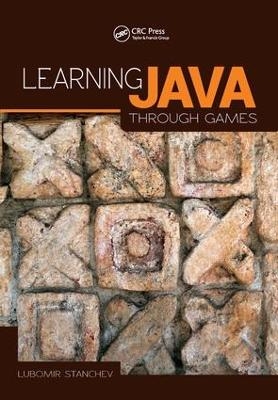 Learning Java Through Games - Lubomir Stanchev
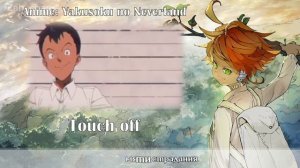Touch off/Yakusoku no Neverland OP [TV-size] (rus sub)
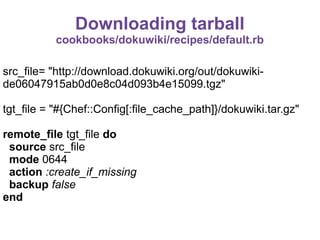 Downloading tarball
cookbooks/dokuwiki/recipes/default.rb
src_file= "http://download.dokuwiki.org/out/dokuwikide06047915ab0d0e8c04d093b4e15099.tgz"
tgt_file = "#{Chef::Config[:file_cache_path]}/dokuwiki.tar.gz"
remote_file tgt_file do
source src_file
mode 0644
action :create_if_missing
backup false
end

 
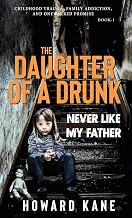 Never Like My Father: Childhood Trauma, Family Addiction, and One Sacred Promise (The Daughter of a Drunk)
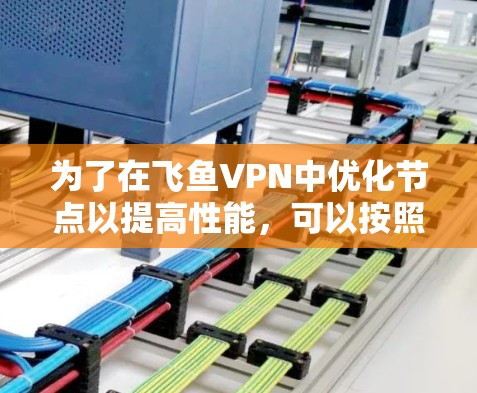 为了在飞鱼VPN中优化节点以提高性能，可以按照以下步骤操作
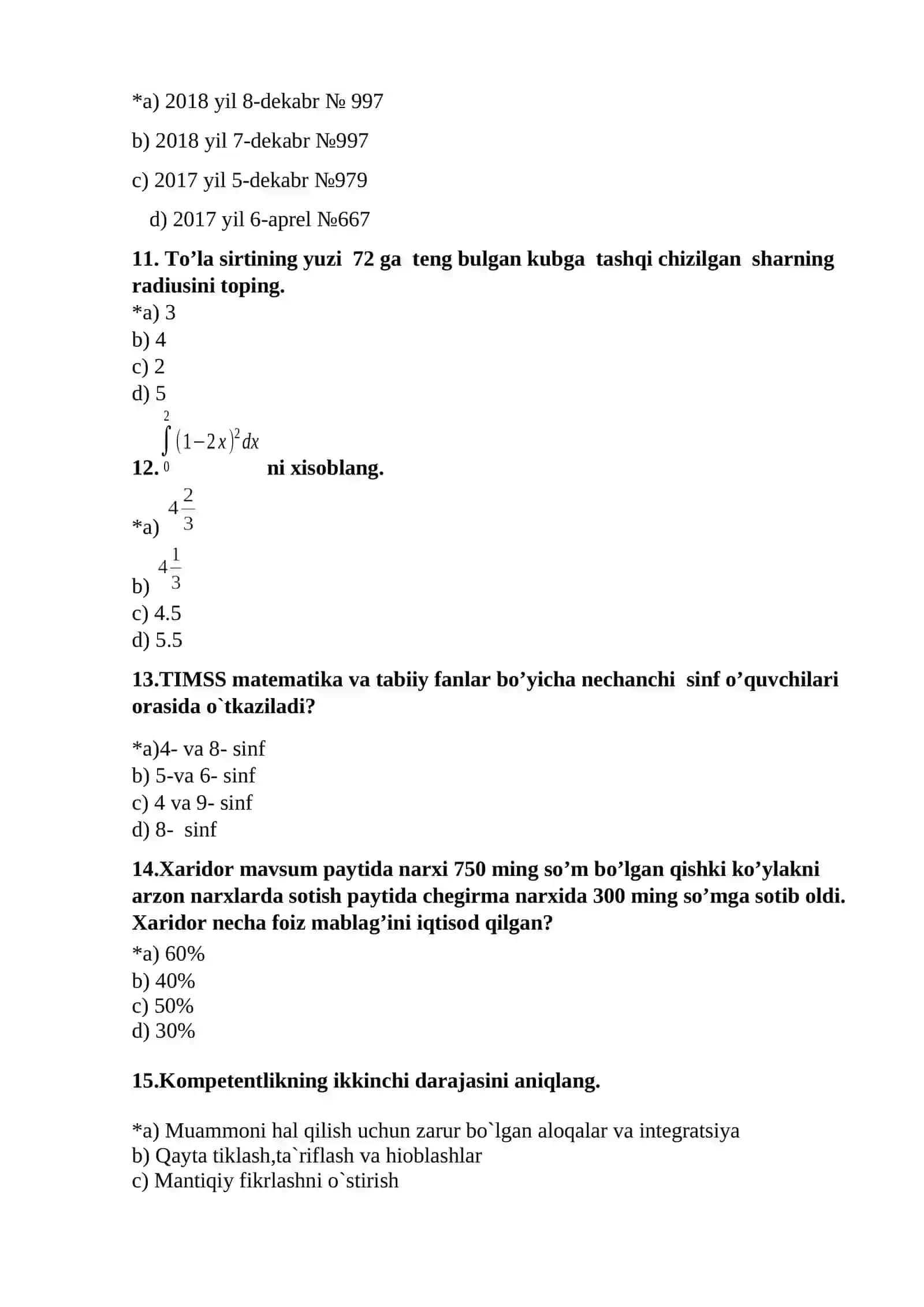 Matematika o’qituvchilari malakasini oshirish kursi tinglovchilarining yakuniy attestatsiyasi sinovi (chiqish testi)ni o’tkazish uchun “Mutaxassislik fanlari” blokiga kiruvchi o’quv modullari bo’yicha tavsiya etiladigan test savollari 3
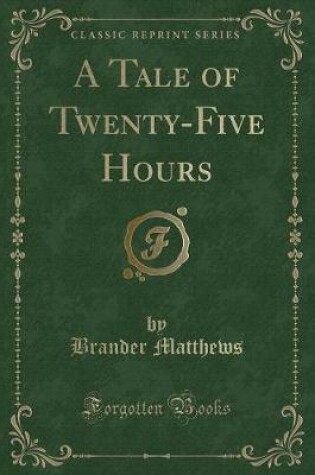 Cover of A Tale of Twenty-Five Hours (Classic Reprint)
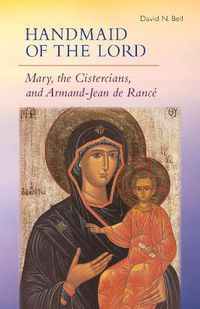 Cover image for Handmaid of the Lord: Mary, the Cistercians, and Armand-Jean de Rance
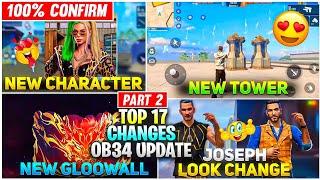 Top 17 Big Changes Of OB34 Updates Of Free Fire Battleground | Ob34 के कुछ ऐसी Update जो अजीब है |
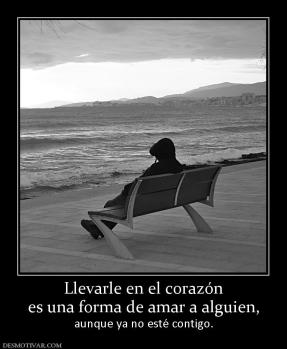 Llevarle en el corazón es una forma de amar a alguien, aunque ya no esté contigo.
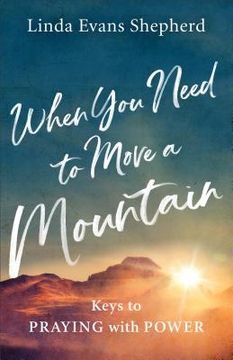 portada When You Need to Move a Mountain: Keys to Praying with Power (en Inglés)
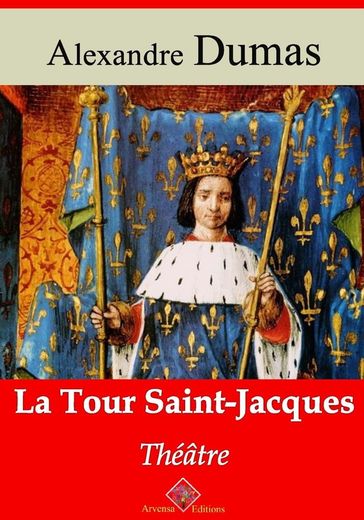 La Tour Saint-Jacques  suivi d'annexes - Alexandre Dumas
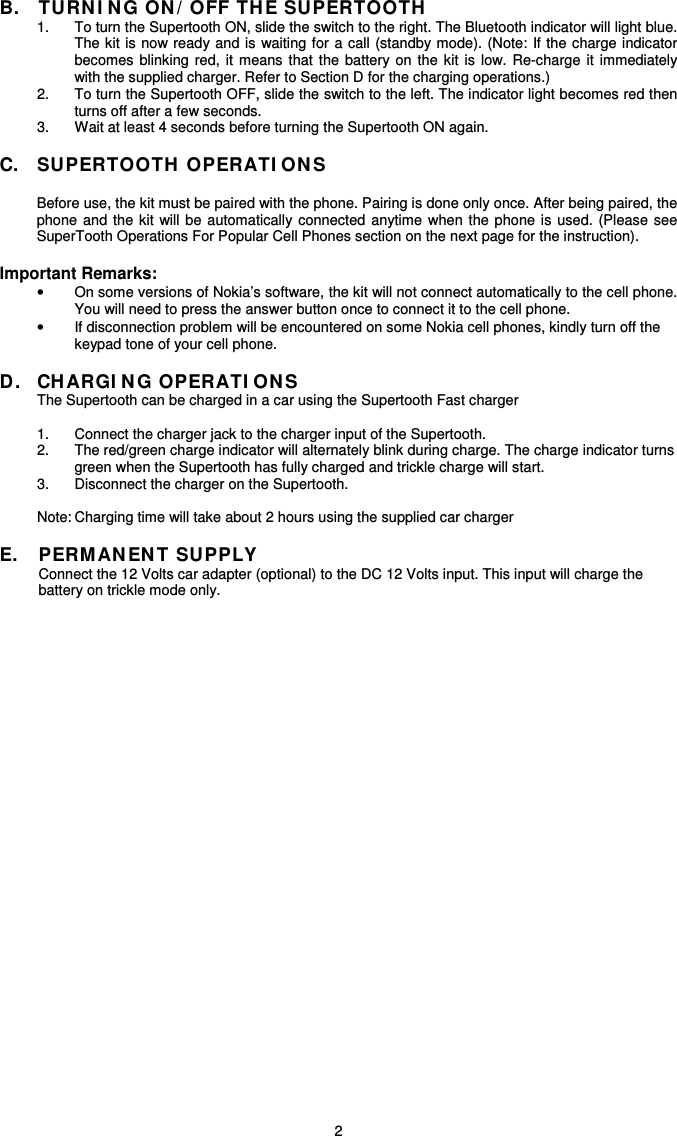   2B.  TURNI N G ON / OFF THE SUPERTOOTH  1.  To turn the Supertooth ON, slide the switch to the right. The Bluetooth indicator will light blue. The kit is  now ready and is  waiting for a  call (standby mode). (Note: If the charge indicator becomes  blinking  red, it means  that  the  battery  on  the  kit  is  low.  Re-charge  it  immediately with the supplied charger. Refer to Section D for the charging operations.) 2.  To turn the Supertooth OFF, slide the switch to the left. The indicator light becomes red then turns off after a few seconds. 3.  Wait at least 4 seconds before turning the Supertooth ON again.  C.  SUPERTOOTH OPERATI ON S  Before use, the kit must be paired with the phone. Pairing is done only once. After being paired, the phone  and  the  kit  will be automatically  connected  anytime  when  the  phone  is  used.  (Please see SuperTooth Operations For Popular Cell Phones section on the next page for the instruction).  Important Remarks: •  On some versions of Nokia’s software, the kit will not connect automatically to the cell phone. You will need to press the answer button once to connect it to the cell phone. •  If disconnection problem will be encountered on some Nokia cell phones, kindly turn off the keypad tone of your cell phone.  D.  CHARGI N G OPERATI ON S The Supertooth can be charged in a car using the Supertooth Fast charger   1.  Connect the charger jack to the charger input of the Supertooth. 2.  The red/green charge indicator will alternately blink during charge. The charge indicator turns green when the Supertooth has fully charged and trickle charge will start.   3.  Disconnect the charger on the Supertooth.  Note: Charging time will take about 2 hours using the supplied car charger   E.  PERMAN EN T SUPPLY  Connect the 12 Volts car adapter (optional) to the DC 12 Volts input. This input will charge the    battery on trickle mode only.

--

In the listing above, find the line with "backup false" and the line with "Cover image for". Output both, plus every line between them, and no pictures.

backup false
end

 
 Never Like My Father: Childhood Trauma, Family Addiction, and One Sacred Promise (The Daughter of a Drunk)
 为了在飞鱼VPN中优化节点以提高性能，可以按照以下步骤操作
 Matematika o’qituvchilari malakasini oshirish kursi tinglovchilarining yakuniy attestatsiyasi sinovi (chiqish testi)ni o’tkazish uchun “Mutaxassislik fanlari” blokiga kiruvchi o’quv modullari bo’yicha tavsiya etiladigan test savollari 3
 Cover of A Tale of Twenty-Five Hours (Classic Reprint)
 Cover image for Handmaid of the Lord: Mary, the Cistercians, and Armand-Jean de Rance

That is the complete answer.